Any kind of fuzzy matching will be somewhat dependent on how you choose to look at your data. For something like this, you can look at one of the many variants of the Levenshtein distance such as Damerau-Levenshtein. You can adjust MIN_SIMILARITY_PERCENT to tune the similarity index, which is calculated using the edit distance as a percentage of the characters found in the longest word in the pair.

require 'damerau-levenshtein'

class SimilarityIndex
  MIN_SIMILARITY_PERCENT = 70.0

  attr_reader :similarity_idx, :words

  def initialize word1, word2
    @words = word1, word2
    similar?
  end
  
  def edit_distance
    DamerauLevenshtein.distance *@words
  end

  def longest_word_length
    @words.max_by(&:length).size
  end

  def similar?
    e = edit_distance
    l = longest_word_length.to_f
    @similarity_idx = ((1 - (e/l)) * 100).round 2
    @similarity_idx >= MIN_SIMILARITY_PERCENT
  end
end

You can validate this with some test data.
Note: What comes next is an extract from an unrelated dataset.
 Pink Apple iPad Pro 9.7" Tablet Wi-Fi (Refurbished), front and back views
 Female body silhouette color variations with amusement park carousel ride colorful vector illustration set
For example:

word_pairs = %w[
  www.domain.com
  domain.com

  www.example.com
  foobarbaz.example.com
]

word_pairs.each_slice(2).map do |word1, word2|
  s = SimilarityIndex.new word1, word2
  { words: s.words, similarity_idx: s.similarity_idx, similar?: s.similar? }
end

This test data generates the following results:

[{:words=>["www.domain.com", "domain.com"],
  :similarity_idx=>71.43,
  :similar?=>true},
 {:words=>["www.example.com", "foobarbaz.example.com"],
  :similarity_idx=>57.14,
  :similar?=>false}]
Todd A. Jacobs
  • 81,402
  • 15
  • 141
  • 199